Ce qu’on doit retenir de notre histoire, c’est que les résistants n’ont pas gagné. Le collaborateur qui prend la place du colonisateur ne peut pas donner une meilleure place aux résistants, parce que c’est en fait sa politique et son attitude qui ont triomphés. Comme notre histoire est faite d’une collaboration avec le colonisateur, cela fait en sorte que ceux qui sont opposés ont la place la moindre. C’est pour cela qu’on en parle le moins. Mais, il est bon aujourd’hui que l’on écrive l’histoire des vaincus.
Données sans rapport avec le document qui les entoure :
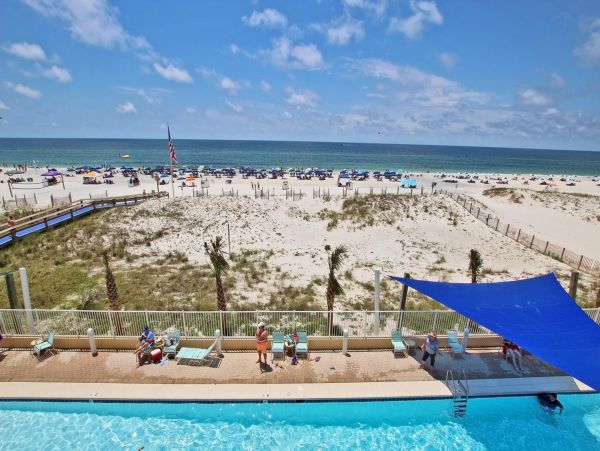 Alabama Beach Areas Condo 992603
Les invaincus d’hier qui ont l’ambition et l’espoir de devenir les vainqueur de demain et qui doivent prendre en compte la construction de tout le monde. C’est-à-dire ceux qui ont collaboré et ceux qui ont résisté, pour que l’on puisse faire la part des choses, parce que la collaboration n’a pas toujours apporté le développement que l’on souhaite, parce que la résistance n’a pas encore apporté le développement que l’on souhaite. Il faudrait que chacun, dans la propre histoire de son pays, sache qu’il y a eu des collaborateurs et des résistants. Il ne faut pas cacher toute l’histoire ou une partie de l’histoire à l’ensemble des populations.

Le régime en place, en refusant de reconnaître les martyrs camerounais par la création des monuments en leur mémoire, n’a-t-il pas peur d’un réveil de conscience de la part des jeunes qui voudront s’identifier à ces héros ?
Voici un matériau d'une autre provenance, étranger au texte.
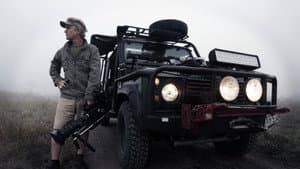 Gorongosa Park: Rebirth of Paradise — foto 1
Je ne crois pas que ce soit un problème de régime. Je pense que dès 1955, les autorités françaises n’ont voulu que magnifier ceux qui n’étaient pas opposés à eux. Les autorités françaises ont voulu évacuer de notre histoire toutes les résistances et les opposants à leur système. Or, pendant longtemps, l’histoire du Cameroun a été écrite par ceux là qui ont vaincu qui ne montraient que la bonne face de la colonisation et l’apport de ceux qui ont collaboré. Je pense aujourd’hui que ce n’est pas problème de régime, mais d’enseignement de l’histoire. Pendant longtemps, on n’écrivait que l’histoire des faits et pas l’histoire des hommes. On ne disait pas qui a fait quoi. On vous disait que tel fait s’est passé sans toutefois vous dire qui l’a réalisé. Aujourd’hui, il faudrait que nous arrivions, dans l’écriture de l’histoire de notre pays, à identifier les acteurs chacun dans le rôle qui a été le sien. Et à ce moment, les historiens mettraient à la disposition du public et même du régime une vérité qui serait difficile à cacher.